The best I can say about Umi’s California roll is that it was well constructed, tightly rolled and sliced into a size that would fit into a normal mouth in one piece. But the rice and crab had almost no flavor—the only notable element was a crunchy cucumber. And the spider roll, although artistically arranged on a pretty blond wood cutting board, tasted only of deep-fried-ness, not the real soft-shelled crab, nor any of the roll’s other components.

The good and the bland: tasty Michigan roll (foreground),  watery udon After those busts, I went back to focus on the specialty rolls. The “Michigan” was not just nicely turned, it actually carried some flavor and had lots of varied silky textures from a layer of pale salmon and slivers of avocado on top to a creamy crab salad in the middle. The “Biwako” had similarly great textural variety, with four kinds of fish and tempura crunchies, but all those flavors were wiped out by a spicy crab salad—the one case in my meals here where the spicing was too strong. Super spiciness worked better in the “Texas” roll, with the sweet snap of asparagus and sourness of pickled daikon radish, among other elements, all rolled up and deep fried, then drizzled with eel sauce.

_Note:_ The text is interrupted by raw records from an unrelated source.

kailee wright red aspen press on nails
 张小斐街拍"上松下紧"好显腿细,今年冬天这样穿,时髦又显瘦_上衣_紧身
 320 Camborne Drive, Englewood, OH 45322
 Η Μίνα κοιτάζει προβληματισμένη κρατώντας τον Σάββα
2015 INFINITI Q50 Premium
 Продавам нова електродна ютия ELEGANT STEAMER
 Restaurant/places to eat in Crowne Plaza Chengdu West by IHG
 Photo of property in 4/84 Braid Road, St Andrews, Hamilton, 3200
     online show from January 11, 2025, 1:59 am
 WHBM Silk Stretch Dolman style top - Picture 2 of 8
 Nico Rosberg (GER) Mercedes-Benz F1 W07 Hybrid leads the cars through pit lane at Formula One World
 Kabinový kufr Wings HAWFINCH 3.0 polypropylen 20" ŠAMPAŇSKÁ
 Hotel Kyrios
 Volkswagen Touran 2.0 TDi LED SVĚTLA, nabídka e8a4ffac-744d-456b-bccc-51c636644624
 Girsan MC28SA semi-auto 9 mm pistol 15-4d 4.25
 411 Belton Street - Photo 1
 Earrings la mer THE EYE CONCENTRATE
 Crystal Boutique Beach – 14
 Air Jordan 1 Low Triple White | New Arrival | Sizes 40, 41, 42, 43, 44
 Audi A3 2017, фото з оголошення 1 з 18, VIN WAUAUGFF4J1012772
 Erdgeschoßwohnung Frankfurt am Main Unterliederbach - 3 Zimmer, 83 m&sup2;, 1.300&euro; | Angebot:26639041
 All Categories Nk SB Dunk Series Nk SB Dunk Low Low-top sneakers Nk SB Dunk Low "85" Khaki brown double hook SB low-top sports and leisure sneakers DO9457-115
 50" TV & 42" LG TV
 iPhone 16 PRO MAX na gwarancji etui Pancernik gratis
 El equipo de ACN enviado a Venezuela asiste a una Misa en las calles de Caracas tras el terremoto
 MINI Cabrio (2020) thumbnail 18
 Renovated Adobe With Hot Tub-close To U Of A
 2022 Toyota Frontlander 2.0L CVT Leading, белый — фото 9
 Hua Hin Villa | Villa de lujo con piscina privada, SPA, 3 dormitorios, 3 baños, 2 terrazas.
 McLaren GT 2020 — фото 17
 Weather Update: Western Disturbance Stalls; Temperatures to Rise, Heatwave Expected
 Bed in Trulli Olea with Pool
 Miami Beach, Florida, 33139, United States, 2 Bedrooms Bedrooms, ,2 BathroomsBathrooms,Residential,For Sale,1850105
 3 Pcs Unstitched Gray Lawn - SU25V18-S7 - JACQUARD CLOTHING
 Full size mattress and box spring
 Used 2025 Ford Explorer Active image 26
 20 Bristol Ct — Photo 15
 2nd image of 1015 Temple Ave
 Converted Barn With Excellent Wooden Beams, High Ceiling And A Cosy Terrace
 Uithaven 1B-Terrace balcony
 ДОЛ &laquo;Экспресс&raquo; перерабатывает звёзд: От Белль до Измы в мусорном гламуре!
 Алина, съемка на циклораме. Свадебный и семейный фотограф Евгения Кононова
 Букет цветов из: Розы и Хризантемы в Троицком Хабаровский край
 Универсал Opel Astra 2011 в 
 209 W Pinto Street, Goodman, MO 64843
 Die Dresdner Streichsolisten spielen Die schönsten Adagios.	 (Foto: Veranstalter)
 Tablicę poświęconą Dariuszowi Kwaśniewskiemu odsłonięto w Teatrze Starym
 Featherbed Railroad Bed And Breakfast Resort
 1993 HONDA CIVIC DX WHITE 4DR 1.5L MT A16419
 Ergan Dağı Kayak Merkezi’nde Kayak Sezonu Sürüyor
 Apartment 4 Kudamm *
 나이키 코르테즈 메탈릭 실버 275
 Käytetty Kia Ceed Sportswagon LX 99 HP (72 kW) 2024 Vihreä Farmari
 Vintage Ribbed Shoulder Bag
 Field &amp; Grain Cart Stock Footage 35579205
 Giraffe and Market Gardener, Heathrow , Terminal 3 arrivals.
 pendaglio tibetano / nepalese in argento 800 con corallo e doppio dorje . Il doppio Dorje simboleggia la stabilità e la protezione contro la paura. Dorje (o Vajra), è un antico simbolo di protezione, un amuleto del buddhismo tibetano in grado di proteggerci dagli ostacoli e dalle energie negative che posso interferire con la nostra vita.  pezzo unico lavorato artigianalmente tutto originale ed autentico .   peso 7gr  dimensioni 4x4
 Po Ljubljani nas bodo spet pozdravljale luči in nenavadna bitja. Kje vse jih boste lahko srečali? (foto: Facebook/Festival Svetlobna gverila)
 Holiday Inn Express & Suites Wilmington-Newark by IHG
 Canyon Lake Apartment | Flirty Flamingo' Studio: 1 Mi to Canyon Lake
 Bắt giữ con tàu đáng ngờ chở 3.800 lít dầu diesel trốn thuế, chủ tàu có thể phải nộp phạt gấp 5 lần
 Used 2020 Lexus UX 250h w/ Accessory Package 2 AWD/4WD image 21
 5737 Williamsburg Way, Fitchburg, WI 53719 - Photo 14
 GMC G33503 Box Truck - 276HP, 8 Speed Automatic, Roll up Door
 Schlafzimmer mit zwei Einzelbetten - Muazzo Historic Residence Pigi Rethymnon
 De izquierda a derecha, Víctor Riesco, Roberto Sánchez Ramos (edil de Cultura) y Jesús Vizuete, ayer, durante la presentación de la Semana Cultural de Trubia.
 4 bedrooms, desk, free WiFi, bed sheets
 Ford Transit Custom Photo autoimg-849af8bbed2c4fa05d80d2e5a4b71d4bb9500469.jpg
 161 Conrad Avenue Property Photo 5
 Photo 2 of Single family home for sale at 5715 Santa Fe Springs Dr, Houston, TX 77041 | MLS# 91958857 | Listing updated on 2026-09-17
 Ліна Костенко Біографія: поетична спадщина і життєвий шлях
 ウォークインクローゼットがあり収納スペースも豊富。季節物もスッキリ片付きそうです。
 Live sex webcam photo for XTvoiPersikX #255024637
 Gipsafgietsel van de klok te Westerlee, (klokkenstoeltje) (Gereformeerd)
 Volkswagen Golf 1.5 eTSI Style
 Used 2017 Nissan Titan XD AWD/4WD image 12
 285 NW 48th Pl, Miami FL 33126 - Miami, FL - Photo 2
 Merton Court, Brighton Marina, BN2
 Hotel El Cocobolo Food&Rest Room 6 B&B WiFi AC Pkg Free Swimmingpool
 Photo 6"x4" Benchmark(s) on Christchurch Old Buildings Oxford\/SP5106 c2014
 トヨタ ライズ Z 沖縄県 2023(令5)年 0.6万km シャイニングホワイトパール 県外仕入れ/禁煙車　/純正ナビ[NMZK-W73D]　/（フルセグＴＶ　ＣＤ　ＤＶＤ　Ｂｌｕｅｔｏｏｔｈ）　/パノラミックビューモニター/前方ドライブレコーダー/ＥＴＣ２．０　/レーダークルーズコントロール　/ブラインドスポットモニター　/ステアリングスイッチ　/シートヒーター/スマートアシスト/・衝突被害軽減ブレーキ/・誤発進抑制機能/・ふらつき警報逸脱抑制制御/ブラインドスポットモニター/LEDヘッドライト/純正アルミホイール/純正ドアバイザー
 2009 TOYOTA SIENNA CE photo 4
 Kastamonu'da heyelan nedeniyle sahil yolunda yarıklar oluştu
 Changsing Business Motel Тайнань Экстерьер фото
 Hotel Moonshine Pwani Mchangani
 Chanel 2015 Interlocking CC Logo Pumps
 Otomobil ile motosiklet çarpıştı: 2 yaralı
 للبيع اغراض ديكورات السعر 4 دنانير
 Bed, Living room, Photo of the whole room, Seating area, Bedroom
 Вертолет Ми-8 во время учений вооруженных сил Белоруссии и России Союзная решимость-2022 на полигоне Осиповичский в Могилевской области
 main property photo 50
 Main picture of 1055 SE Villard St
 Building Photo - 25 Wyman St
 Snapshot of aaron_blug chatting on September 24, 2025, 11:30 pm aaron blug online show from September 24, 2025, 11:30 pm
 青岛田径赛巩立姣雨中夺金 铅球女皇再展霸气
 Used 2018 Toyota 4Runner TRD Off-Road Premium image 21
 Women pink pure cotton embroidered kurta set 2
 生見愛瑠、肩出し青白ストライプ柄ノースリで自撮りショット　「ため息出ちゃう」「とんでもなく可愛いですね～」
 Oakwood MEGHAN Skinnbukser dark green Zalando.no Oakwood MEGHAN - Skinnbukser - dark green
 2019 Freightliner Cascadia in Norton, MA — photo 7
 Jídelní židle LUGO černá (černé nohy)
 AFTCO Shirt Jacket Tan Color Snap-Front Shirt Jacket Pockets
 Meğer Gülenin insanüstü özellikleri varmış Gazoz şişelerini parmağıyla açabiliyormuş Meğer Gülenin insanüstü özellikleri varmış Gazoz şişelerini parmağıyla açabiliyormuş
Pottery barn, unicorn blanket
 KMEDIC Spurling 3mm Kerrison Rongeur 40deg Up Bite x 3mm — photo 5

Umi Sushi has several key pieces in place—fine service, pleasant surroundings, and a proprietor who seems genuinely concerned about his guests. I could tell they’re competent back there in the kitchen, and the food is beautifully presented; now they just need to develop the same mastery of flavor. They’re new, so I’m hoping that will come with time.

Umi Sushi
3393–B Plymouth Rd. (Plymouth Green Crossings)

734- 222–0826
Mon.–Thurs. 11 a.m.–9:30 p.m., Fri.–Sat. 11 a.m.–10 p.m. (lunch daily 11 a.m.–3 p.m.) Closed Sun.

Appetizers $2.95–$8.25; entrees, ¬noodles, and bentos $7.95–$14.95; sushi rolls $1.99–$12.95; sushi and sashimi $3–$4.50; many lunch specials
Easily accessible to the disabled.

This review was first published in the Ann Arbor Observer, June 2009.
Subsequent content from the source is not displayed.